**What you need to do:**
Among the entries below, the lines from the one with "ミディアム 艶髪/ハイトーン/ ヘアセット/モエノのヘアスタイル" up to and including the one with "VENTA CASA 5" are to be restated exactly, without pictures.

-------- Exercise input

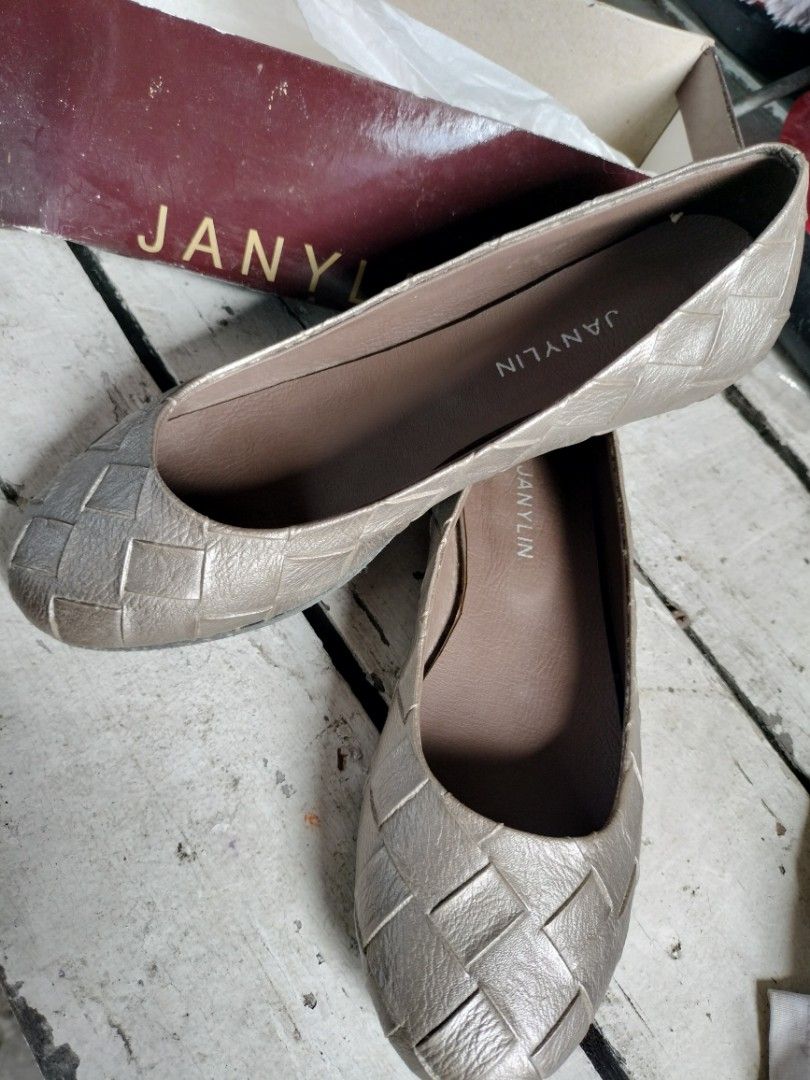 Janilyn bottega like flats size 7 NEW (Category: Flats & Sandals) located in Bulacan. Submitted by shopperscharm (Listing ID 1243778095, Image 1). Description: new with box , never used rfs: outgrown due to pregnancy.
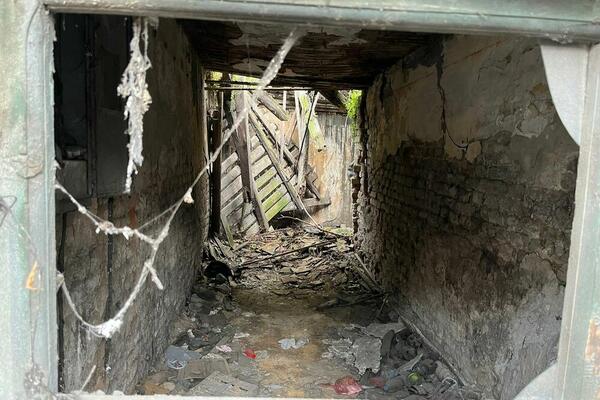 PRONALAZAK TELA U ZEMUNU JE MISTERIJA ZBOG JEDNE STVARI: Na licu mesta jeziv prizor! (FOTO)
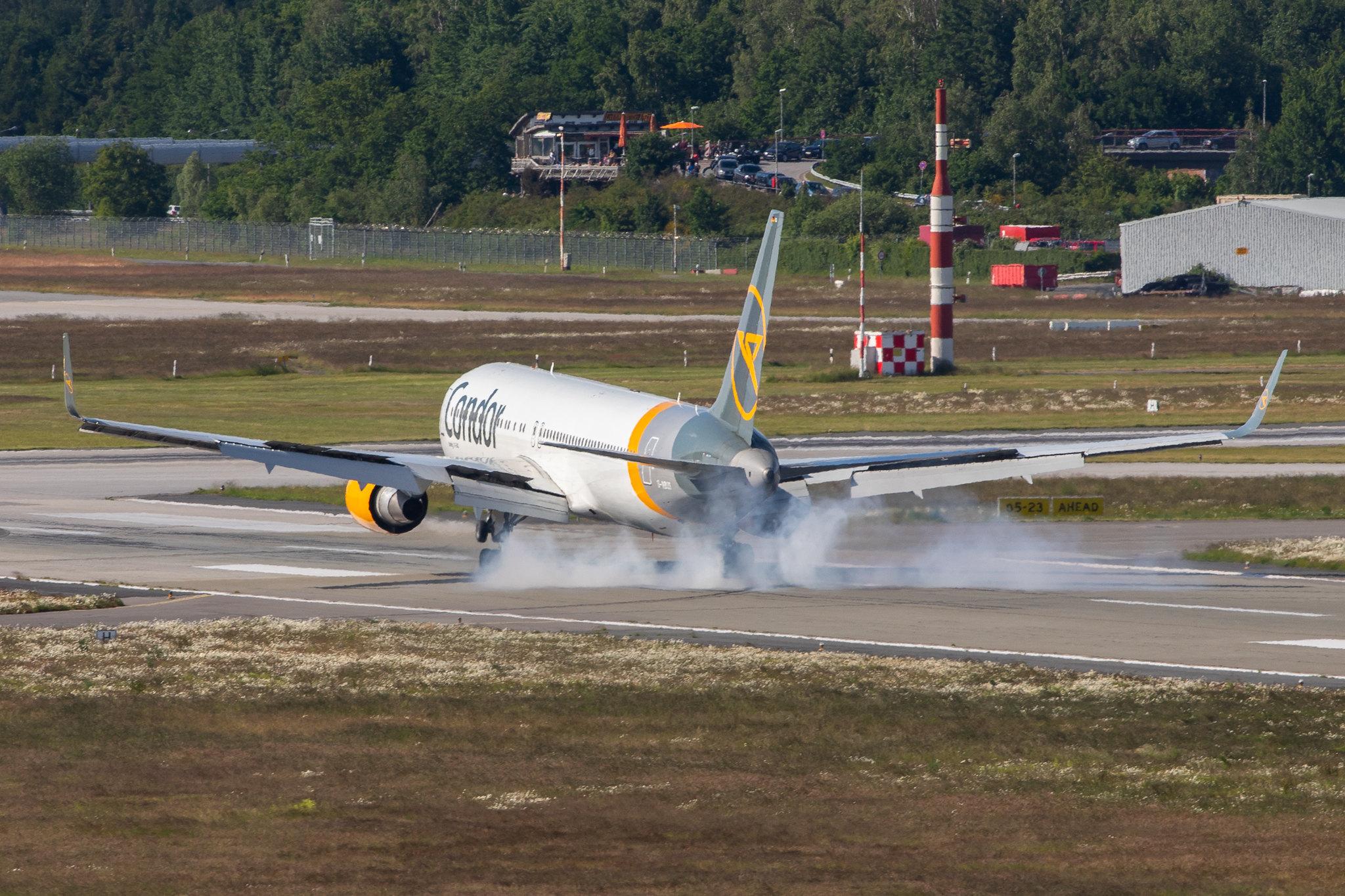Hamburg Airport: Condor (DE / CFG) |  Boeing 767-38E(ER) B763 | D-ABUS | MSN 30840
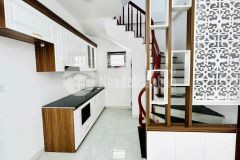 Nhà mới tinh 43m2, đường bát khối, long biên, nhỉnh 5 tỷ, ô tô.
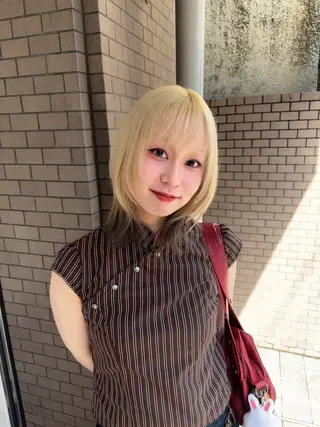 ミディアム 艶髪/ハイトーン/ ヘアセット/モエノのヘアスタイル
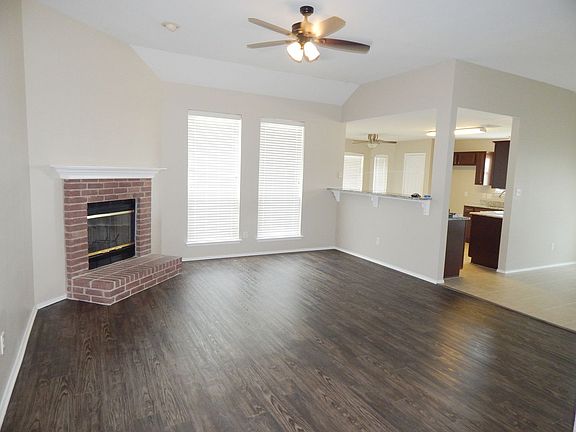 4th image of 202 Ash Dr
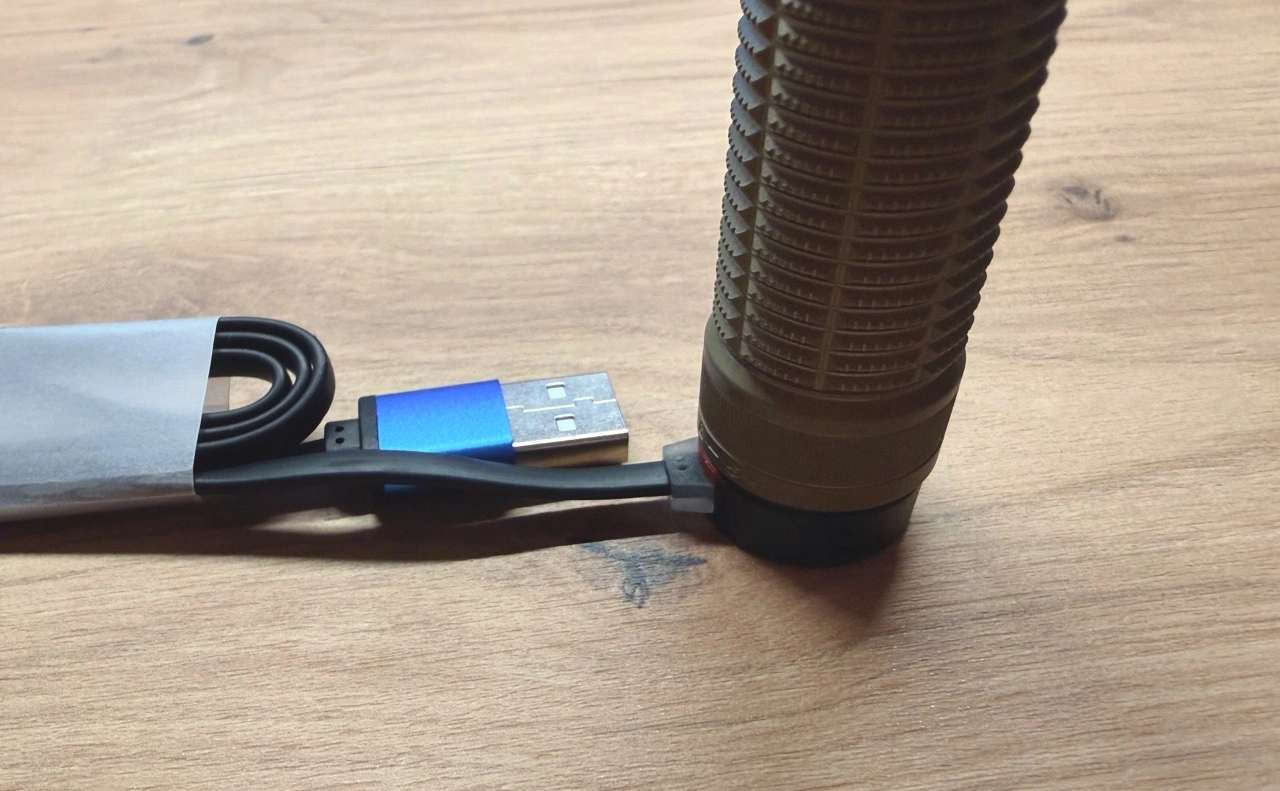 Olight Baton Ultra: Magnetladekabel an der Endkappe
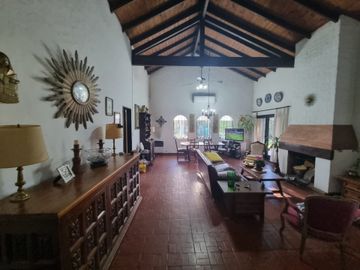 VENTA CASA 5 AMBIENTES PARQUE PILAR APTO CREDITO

----------------
-------- Exercise input

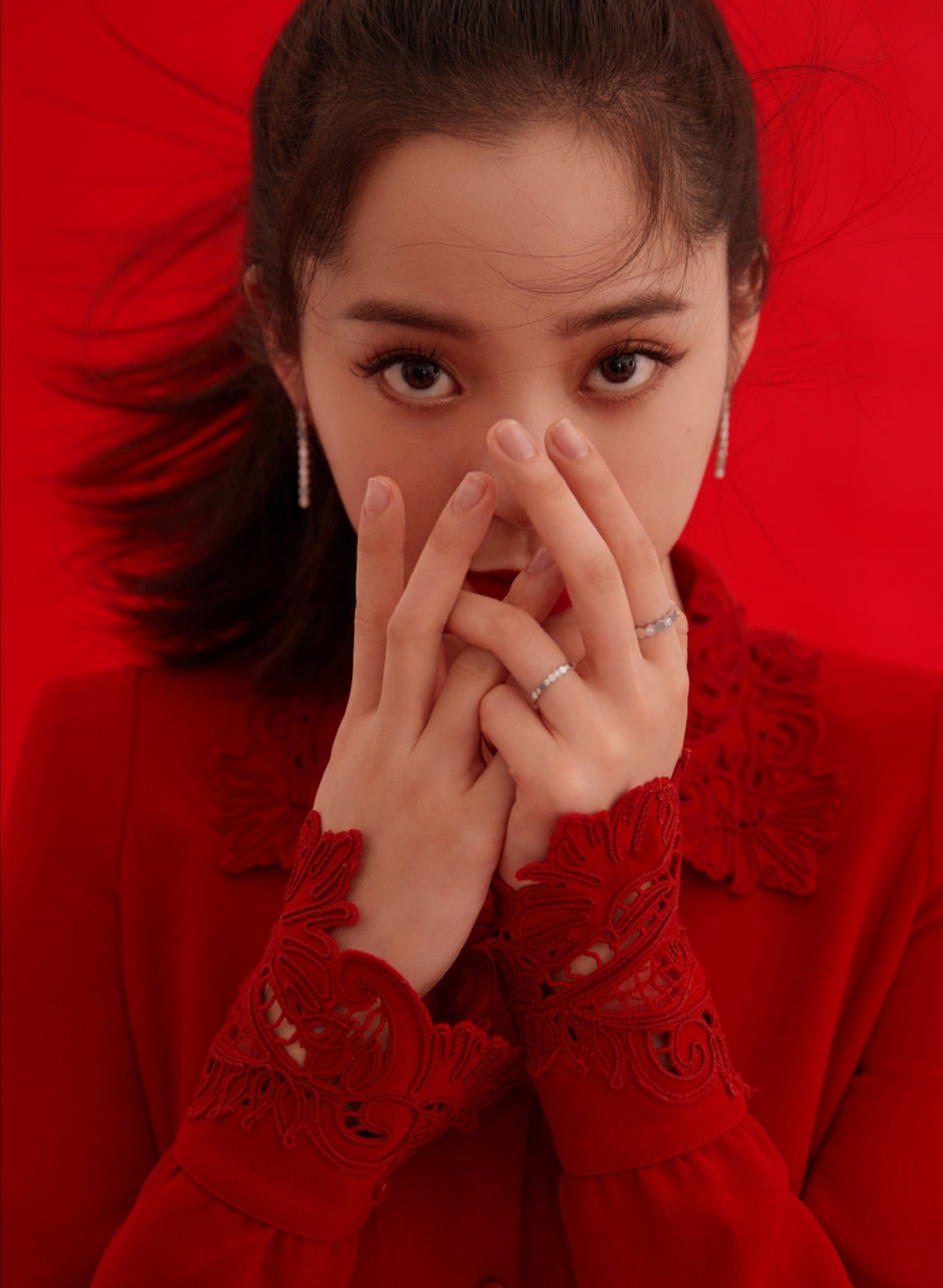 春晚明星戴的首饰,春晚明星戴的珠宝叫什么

----------------
-------- Exercise input

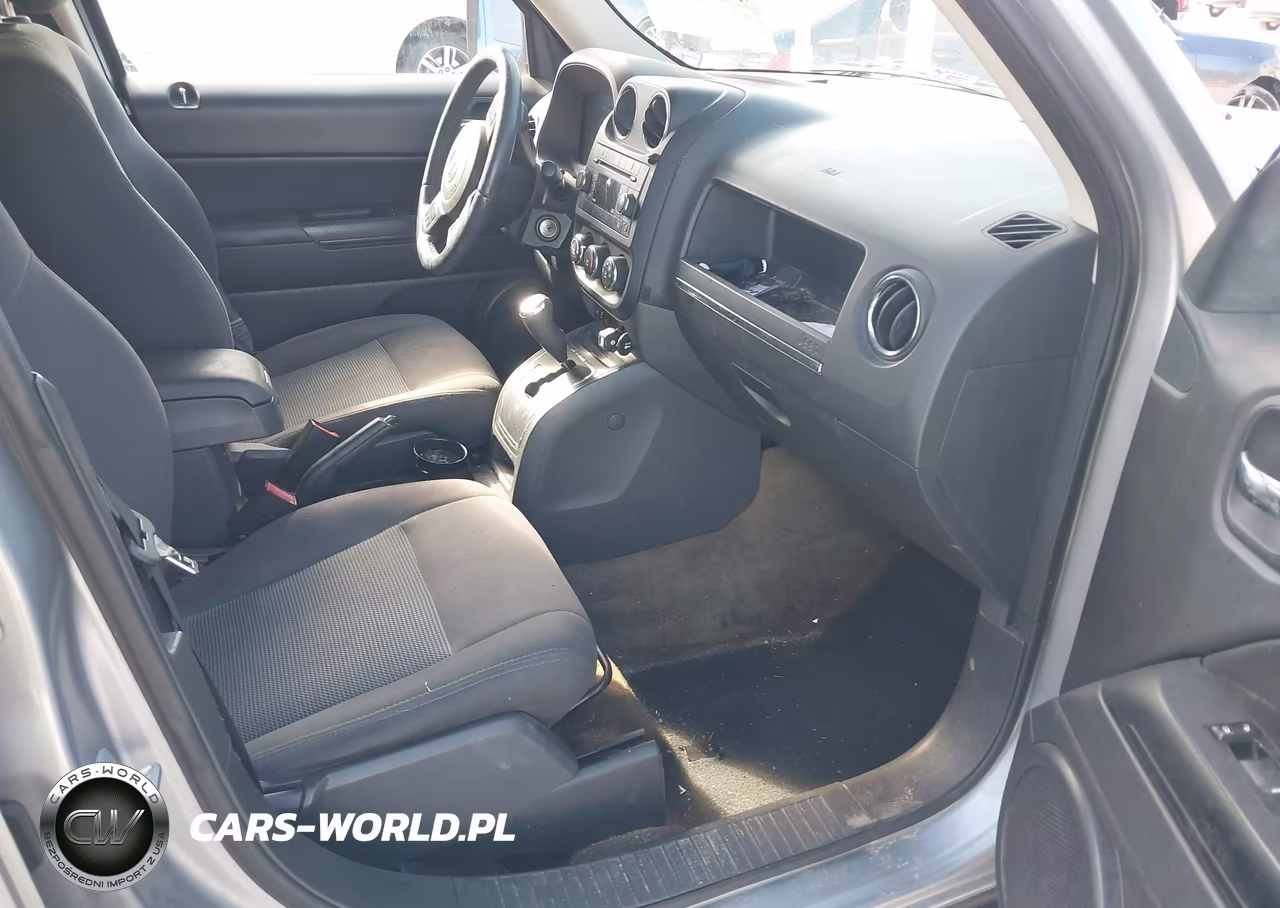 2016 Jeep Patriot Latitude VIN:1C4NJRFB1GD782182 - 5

----------------

**Completed task:**
 ミディアム 艶髪/ハイトーン/ ヘアセット/モエノのヘアスタイル
 4th image of 202 Ash Dr
 Olight Baton Ultra: Magnetladekabel an der Endkappe
 VENTA CASA 5 AMBIENTES PARQUE PILAR APTO CREDITO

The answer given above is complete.